The pictures above are
perfectly ilustrating those two trends. Although similar dresses seem to be
hanging on each single hangers in the stores THE-ONE-AND-ONLY-PERFECT-MODEL has
still not been found by me. It’s not like the little black dress is not a guest
in my wardrobe :) it’s the contrary! But each of them has this ‘something’ I
could complain about.
.............................................................................................................
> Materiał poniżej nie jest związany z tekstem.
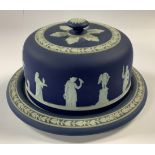 A Wedgwood Jasperware cheese dome and cover, typically sprigged with classical muses and cupids, the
Jeśli chodzi o internetowe
poszukiwania w ostatnich tygodniach najmilej zaskoczyła mnie firma River Island
i to właśnie z jej sukienek zdecydowałam się skomponować kolaż do tego posta:
If it comes to the Internet
serach last weeks I’ve been very nicely surprised by River Island brand and
therefore decided to prepare the collage for this post on the basis of their
dresses:
Choć mówią same za siebie, nie
mogłabym ich zostawić tak bez żadnego komentarza. W pierwszej urzekł mnie ten
metaliczny pasek który tak sprawnie przełamał prosty i dość powszechny model.
Druga przywodzi na myśl klimaty festiwalowe, stąd wydaje się być obecnie
doskonałą propozycją. Trzecia to fantazja na temat falban i wydaje mi się, że
skomponowana z niebanalnymi dodatkami mogłaby być idealną kreacją na wesele.
Although they speak for
themselves, I couldn’t leave them like this without any comment. In the first
one I was charmed by the metallic belt that has broke the simple and quite
common model. The second one makes me think about the festival climates and
thereby seems to be a perfect proposition currently. The third one is a fantasy
about the frills and I guess that composed with some unusual accessories it
would make an ideal dress for marriage celebration.
.............................................................................................................
Czasem jednak tryskamy pozytywną
energią tak obficie, że aż nie sposób założyć czarną sukienkę! Któż nie
skusiłby się latem na te soczyste barwy?
But sometimes we have
such a rich positive energy that it is impossible to wear a Black dress ! Who
wouldn’t be tempted by those juicy colours during the summer?